[Short descriptive text snippets]
◆ ◆ ◆ ◆

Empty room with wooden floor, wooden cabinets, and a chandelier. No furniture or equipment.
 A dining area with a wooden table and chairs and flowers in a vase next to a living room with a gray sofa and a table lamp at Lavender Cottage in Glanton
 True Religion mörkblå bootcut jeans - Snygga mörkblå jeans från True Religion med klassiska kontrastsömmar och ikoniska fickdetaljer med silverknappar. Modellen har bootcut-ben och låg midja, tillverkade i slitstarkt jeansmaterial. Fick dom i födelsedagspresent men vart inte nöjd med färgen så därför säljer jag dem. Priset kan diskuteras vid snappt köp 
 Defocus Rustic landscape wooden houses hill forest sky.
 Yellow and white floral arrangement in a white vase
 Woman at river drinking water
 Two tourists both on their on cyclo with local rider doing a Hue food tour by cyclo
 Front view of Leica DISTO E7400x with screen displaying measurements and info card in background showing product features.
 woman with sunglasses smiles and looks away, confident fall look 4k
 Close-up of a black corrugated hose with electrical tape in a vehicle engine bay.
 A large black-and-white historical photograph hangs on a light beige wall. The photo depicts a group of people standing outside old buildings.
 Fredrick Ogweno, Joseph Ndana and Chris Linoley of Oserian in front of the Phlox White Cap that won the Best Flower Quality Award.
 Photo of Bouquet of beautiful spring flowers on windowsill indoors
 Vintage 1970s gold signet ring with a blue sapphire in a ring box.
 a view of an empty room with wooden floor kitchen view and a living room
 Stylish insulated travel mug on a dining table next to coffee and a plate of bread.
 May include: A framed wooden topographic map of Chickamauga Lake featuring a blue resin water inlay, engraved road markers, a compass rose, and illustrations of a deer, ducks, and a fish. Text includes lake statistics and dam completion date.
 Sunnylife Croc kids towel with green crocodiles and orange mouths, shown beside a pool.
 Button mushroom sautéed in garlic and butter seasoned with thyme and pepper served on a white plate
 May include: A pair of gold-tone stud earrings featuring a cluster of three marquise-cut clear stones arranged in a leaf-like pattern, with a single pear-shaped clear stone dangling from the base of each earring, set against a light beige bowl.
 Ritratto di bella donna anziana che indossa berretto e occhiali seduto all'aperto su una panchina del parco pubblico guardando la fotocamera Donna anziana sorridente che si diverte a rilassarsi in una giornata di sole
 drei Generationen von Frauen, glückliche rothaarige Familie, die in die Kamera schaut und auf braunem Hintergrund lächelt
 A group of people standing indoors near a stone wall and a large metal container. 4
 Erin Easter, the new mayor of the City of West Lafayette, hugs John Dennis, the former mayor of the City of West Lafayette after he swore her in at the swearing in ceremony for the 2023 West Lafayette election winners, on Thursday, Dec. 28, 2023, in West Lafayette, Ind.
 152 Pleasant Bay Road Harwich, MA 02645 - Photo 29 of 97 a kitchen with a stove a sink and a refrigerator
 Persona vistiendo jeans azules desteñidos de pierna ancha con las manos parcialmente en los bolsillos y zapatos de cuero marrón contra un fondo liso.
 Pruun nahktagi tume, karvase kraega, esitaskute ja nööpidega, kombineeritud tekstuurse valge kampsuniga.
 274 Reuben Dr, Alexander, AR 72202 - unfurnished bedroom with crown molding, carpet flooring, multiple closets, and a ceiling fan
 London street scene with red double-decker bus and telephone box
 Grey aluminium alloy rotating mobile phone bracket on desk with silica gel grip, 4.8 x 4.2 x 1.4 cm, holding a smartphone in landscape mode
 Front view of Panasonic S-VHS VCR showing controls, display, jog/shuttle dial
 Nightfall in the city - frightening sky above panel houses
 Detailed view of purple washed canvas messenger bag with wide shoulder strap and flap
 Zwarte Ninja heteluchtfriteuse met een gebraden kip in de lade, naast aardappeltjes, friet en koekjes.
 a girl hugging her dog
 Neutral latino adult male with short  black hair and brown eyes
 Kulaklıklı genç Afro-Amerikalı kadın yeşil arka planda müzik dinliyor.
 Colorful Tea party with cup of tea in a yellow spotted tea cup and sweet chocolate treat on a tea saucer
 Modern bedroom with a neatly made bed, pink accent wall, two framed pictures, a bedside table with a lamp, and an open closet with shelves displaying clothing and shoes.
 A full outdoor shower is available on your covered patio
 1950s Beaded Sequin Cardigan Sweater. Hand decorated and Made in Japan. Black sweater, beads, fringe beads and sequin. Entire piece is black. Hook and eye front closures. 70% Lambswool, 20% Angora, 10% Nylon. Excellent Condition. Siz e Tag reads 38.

◆ ◆ ◆ ◆

> **To do**: Please reproduce all of the entries above exactly as they appear.

> **Answer section**:
Empty room with wooden floor, wooden cabinets, and a chandelier. No furniture or equipment.
 A dining area with a wooden table and chairs and flowers in a vase next to a living room with a gray sofa and a table lamp at Lavender Cottage in Glanton
 True Religion mörkblå bootcut jeans - Snygga mörkblå jeans från True Religion med klassiska kontrastsömmar och ikoniska fickdetaljer med silverknappar. Modellen har bootcut-ben och låg midja, tillverkade i slitstarkt jeansmaterial. Fick dom i födelsedagspresent men vart inte nöjd med färgen så därför säljer jag dem. Priset kan diskuteras vid snappt köp 
 Defocus Rustic landscape wooden houses hill forest sky.
 Yellow and white floral arrangement in a white vase
 Woman at river drinking water
 Two tourists both on their on cyclo with local rider doing a Hue food tour by cyclo
 Front view of Leica DISTO E7400x with screen displaying measurements and info card in background showing product features.
 woman with sunglasses smiles and looks away, confident fall look 4k
 Close-up of a black corrugated hose with electrical tape in a vehicle engine bay.
 A large black-and-white historical photograph hangs on a light beige wall. The photo depicts a group of people standing outside old buildings.
 Fredrick Ogweno, Joseph Ndana and Chris Linoley of Oserian in front of the Phlox White Cap that won the Best Flower Quality Award.
 Photo of Bouquet of beautiful spring flowers on windowsill indoors
 Vintage 1970s gold signet ring with a blue sapphire in a ring box.
 a view of an empty room with wooden floor kitchen view and a living room
 Stylish insulated travel mug on a dining table next to coffee and a plate of bread.
 May include: A framed wooden topographic map of Chickamauga Lake featuring a blue resin water inlay, engraved road markers, a compass rose, and illustrations of a deer, ducks, and a fish. Text includes lake statistics and dam completion date.
 Sunnylife Croc kids towel with green crocodiles and orange mouths, shown beside a pool.
 Button mushroom sautéed in garlic and butter seasoned with thyme and pepper served on a white plate
 May include: A pair of gold-tone stud earrings featuring a cluster of three marquise-cut clear stones arranged in a leaf-like pattern, with a single pear-shaped clear stone dangling from the base of each earring, set against a light beige bowl.
 Ritratto di bella donna anziana che indossa berretto e occhiali seduto all'aperto su una panchina del parco pubblico guardando la fotocamera Donna anziana sorridente che si diverte a rilassarsi in una giornata di sole
 drei Generationen von Frauen, glückliche rothaarige Familie, die in die Kamera schaut und auf braunem Hintergrund lächelt
 A group of people standing indoors near a stone wall and a large metal container. 4
 Erin Easter, the new mayor of the City of West Lafayette, hugs John Dennis, the former mayor of the City of West Lafayette after he swore her in at the swearing in ceremony for the 2023 West Lafayette election winners, on Thursday, Dec. 28, 2023, in West Lafayette, Ind.
 152 Pleasant Bay Road Harwich, MA 02645 - Photo 29 of 97 a kitchen with a stove a sink and a refrigerator
 Persona vistiendo jeans azules desteñidos de pierna ancha con las manos parcialmente en los bolsillos y zapatos de cuero marrón contra un fondo liso.
 Pruun nahktagi tume, karvase kraega, esitaskute ja nööpidega, kombineeritud tekstuurse valge kampsuniga.
 274 Reuben Dr, Alexander, AR 72202 - unfurnished bedroom with crown molding, carpet flooring, multiple closets, and a ceiling fan
 London street scene with red double-decker bus and telephone box
 Grey aluminium alloy rotating mobile phone bracket on desk with silica gel grip, 4.8 x 4.2 x 1.4 cm, holding a smartphone in landscape mode
 Front view of Panasonic S-VHS VCR showing controls, display, jog/shuttle dial
 Nightfall in the city - frightening sky above panel houses
 Detailed view of purple washed canvas messenger bag with wide shoulder strap and flap
 Zwarte Ninja heteluchtfriteuse met een gebraden kip in de lade, naast aardappeltjes, friet en koekjes.
 a girl hugging her dog
 Neutral latino adult male with short  black hair and brown eyes
 Kulaklıklı genç Afro-Amerikalı kadın yeşil arka planda müzik dinliyor.
 Colorful Tea party with cup of tea in a yellow spotted tea cup and sweet chocolate treat on a tea saucer
 Modern bedroom with a neatly made bed, pink accent wall, two framed pictures, a bedside table with a lamp, and an open closet with shelves displaying clothing and shoes.
 A full outdoor shower is available on your covered patio
 1950s Beaded Sequin Cardigan Sweater. Hand decorated and Made in Japan. Black sweater, beads, fringe beads and sequin. Entire piece is black. Hook and eye front closures. 70% Lambswool, 20% Angora, 10% Nylon. Excellent Condition. Siz e Tag reads 38.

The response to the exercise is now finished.